Selective supply of atomic oxygen to a surface placed in room air using vacuum ultraviolet photolysis of carbon dioxide

Reactive species play important roles in plasma treatments of surfaces, including polymers, metals, water, and living tissues. To elucidate the surface reaction mechanism, it is crucial to measure the effect of each type of reactive species on the surface treatment. Accordingly, we previously developed a method to selectively supply OH or O radicals to a surface placed in room air. Ar/H2O or Ar/O-2 gas flowing through a quartz tube is irradiated with a vacuum ultraviolet lamp, causing photodissociation of H2O and O-2 to produce OH and O. The resulting gas flows to the surface from the tube end. The O density supplied to the surface, however, is only approximately 1x10(12) cm (-3) according to our simulation, which is not sufficient to determine the surface treatment effect of O atoms.

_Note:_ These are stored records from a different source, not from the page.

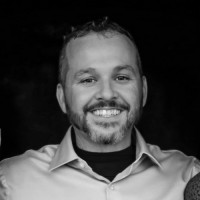 Seth Hudman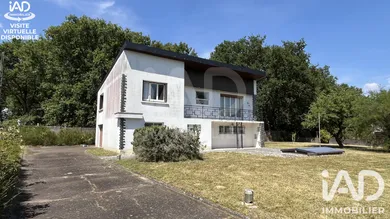 House in Saran (45770)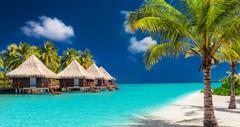 Bora Bora
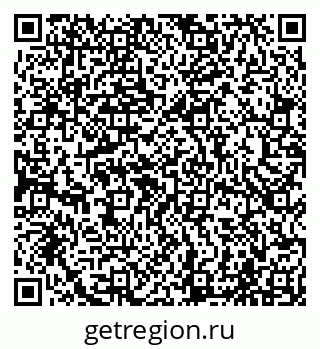 79065001097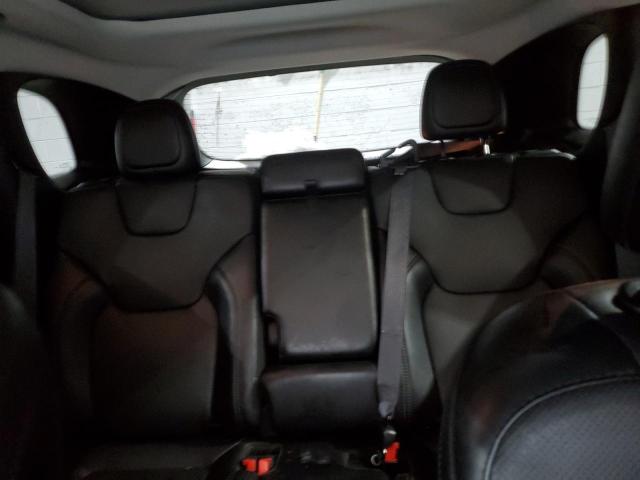 2021 JEEP CHEROKEE L - 1C4PJMDX6MD225046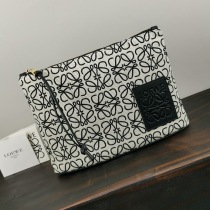 C730C63X15コピー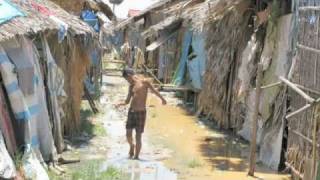 Cambodia Poverty Video [upl. by Katherina953]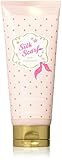 Etude House Silk Scarf Hair Treatment 200ml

Therefore, in this study, a new method is proposed, supplying O atoms with a density that is two orders of magnitude higher. Specifically, CO2 gas is used as the medium to be photodissociated instead of O-2 gas. The performance of this method is discussed herein using simulation results. The maximum O density supplied to the surface reaches 1x10(14) cm(-3) according to the simulation. Additionally, the experimental results demonstrate that the newly developed method can supply a sufficient amount of O atoms to selectively measure the effect of O atoms on the surface treatment of polypropylene (PP). In particular, the water contact angle (WCA) is considered as an index of the surface treatment. As a result, O atoms decrease the WCA of the PP surface at rates of the same order of magnitude as OH.